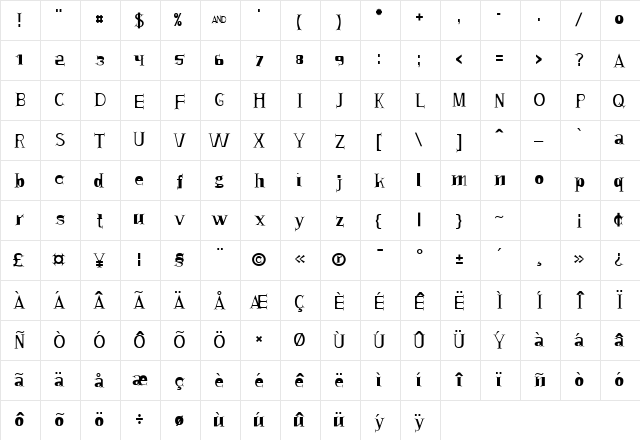COLON Regular Character Map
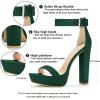 imageAllegra K Womens Platform High Heel Ankle Strap Chunky Heels SandalsDark Green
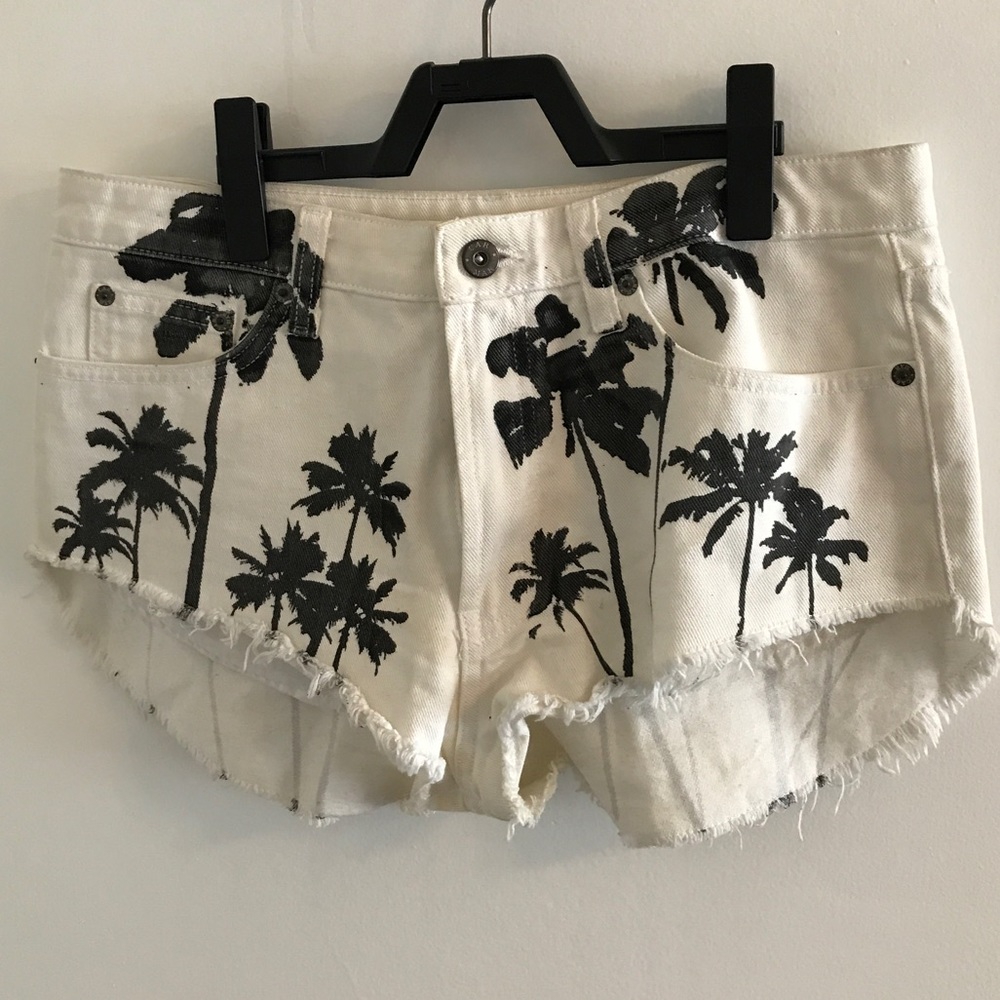 Palm Tree jean shorts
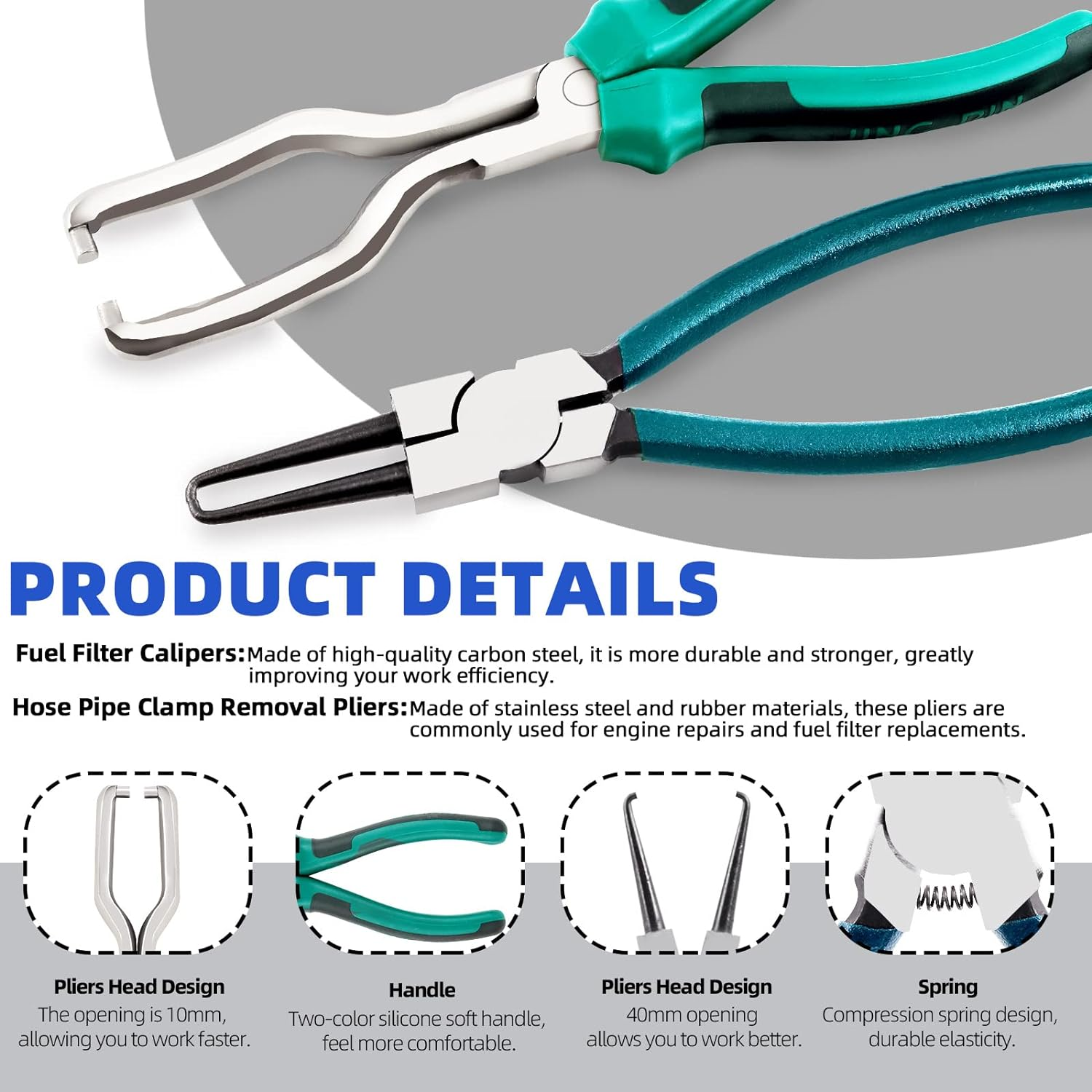 Glarks 10Pcs Fuel Line Pliers Kit, 9 Inch Fuel Filter Calipers and Hose Pipe Clamp Disconnect Release Removal Pliers and 4 in 1 Snap Ring Pliers with 7Pcs AC Fuel Line Disconnect Tool Set image number 3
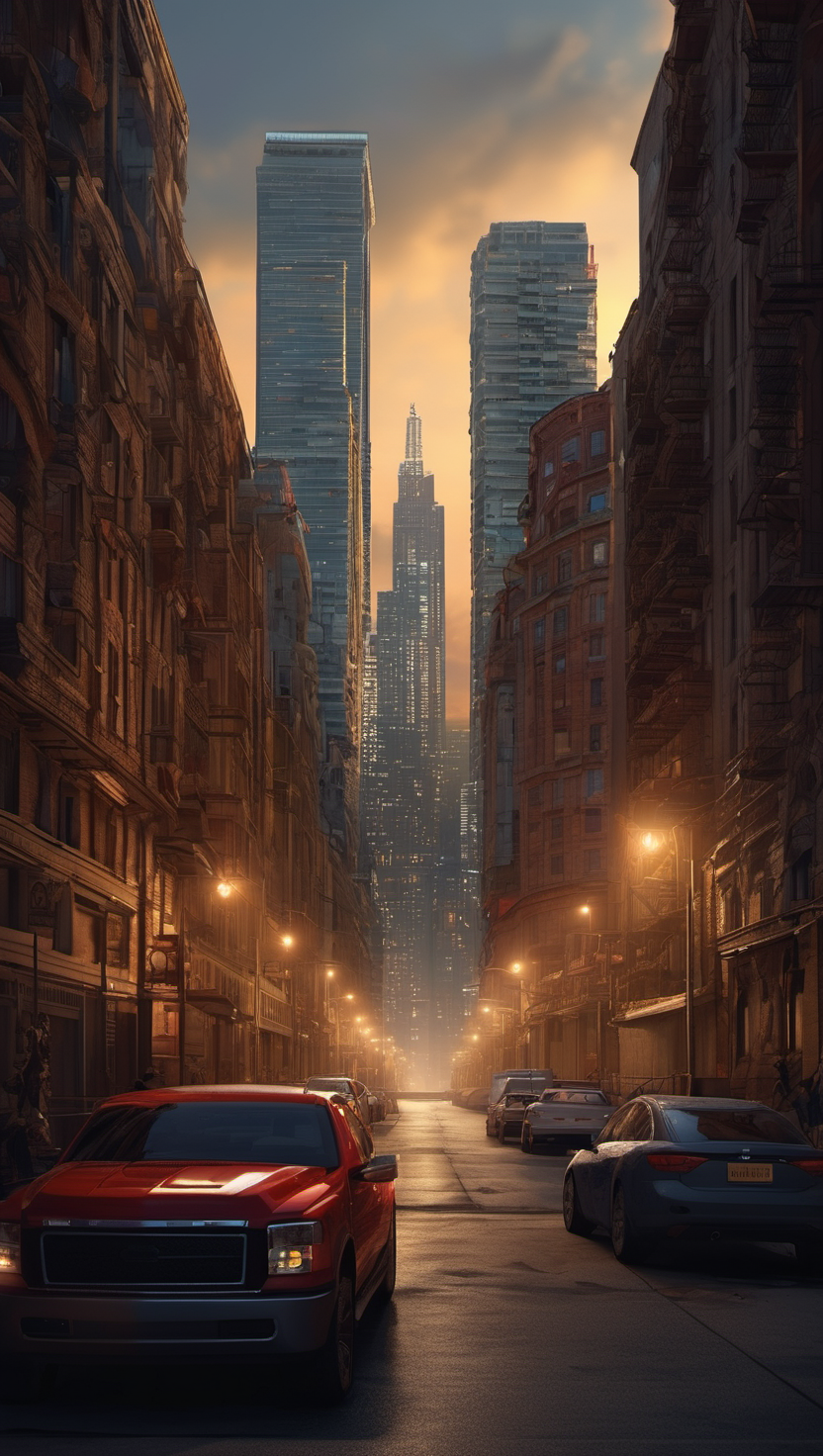 도시의 황혼길, 고층 빌딩의 실루엣, 도시 야경, 고층 빌딩, 황혼, 거리 풍경, 가로등, Urban landscape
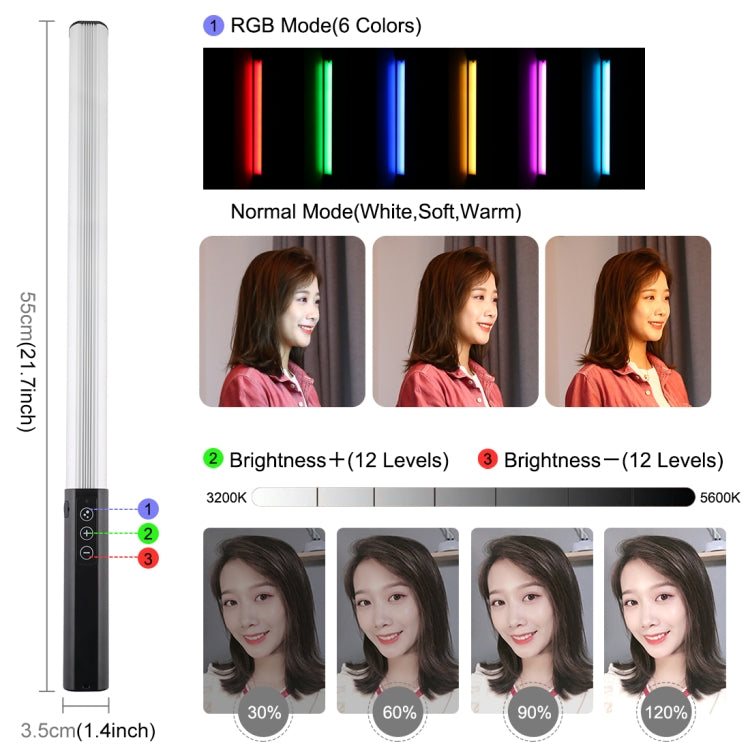 PULUZ RGB Colorful Photo LED Stick Adjustable Color Temperature Handheld LED Fill Light with Remote Control(Black) -  by PULUZ | Online Shopping UK | buy2fix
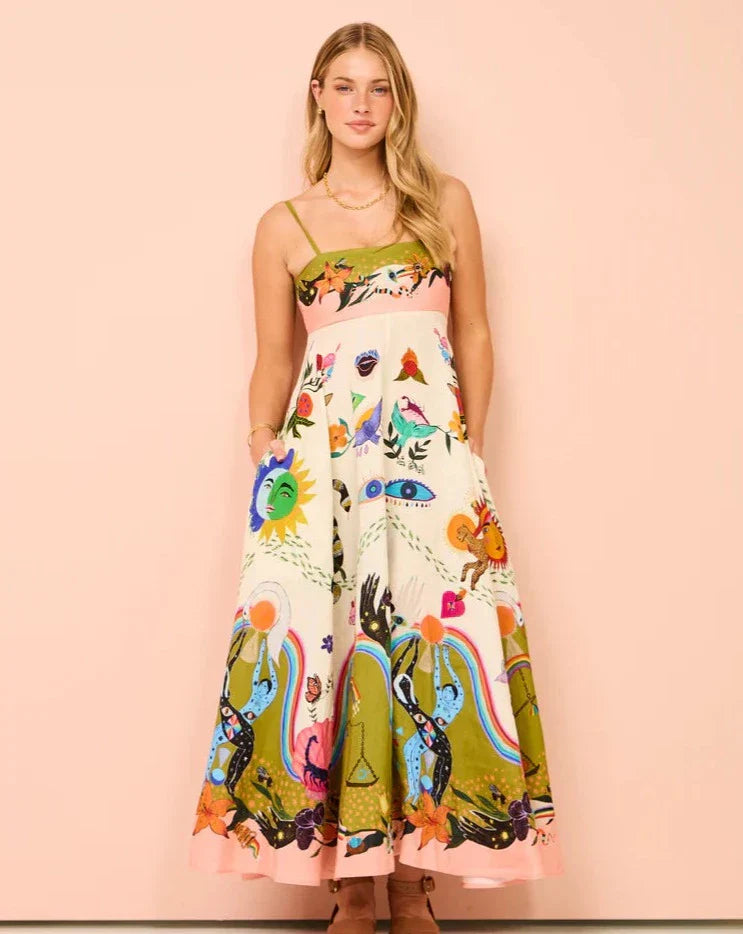 Sofia - Multi-color Sundress Maxi Dress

■ ■ ■ ■ ■ ■ ■

→ TO DO
Could you print the listing above word for word, without its pictures?

→ TASK RESPONSE
COLON Regular Character Map
 imageAllegra K Womens Platform High Heel Ankle Strap Chunky Heels SandalsDark Green
 Palm Tree jean shorts
 Glarks 10Pcs Fuel Line Pliers Kit, 9 Inch Fuel Filter Calipers and Hose Pipe Clamp Disconnect Release Removal Pliers and 4 in 1 Snap Ring Pliers with 7Pcs AC Fuel Line Disconnect Tool Set image number 3
 도시의 황혼길, 고층 빌딩의 실루엣, 도시 야경, 고층 빌딩, 황혼, 거리 풍경, 가로등, Urban landscape
 PULUZ RGB Colorful Photo LED Stick Adjustable Color Temperature Handheld LED Fill Light with Remote Control(Black) -  by PULUZ | Online Shopping UK | buy2fix
 Sofia - Multi-color Sundress Maxi Dress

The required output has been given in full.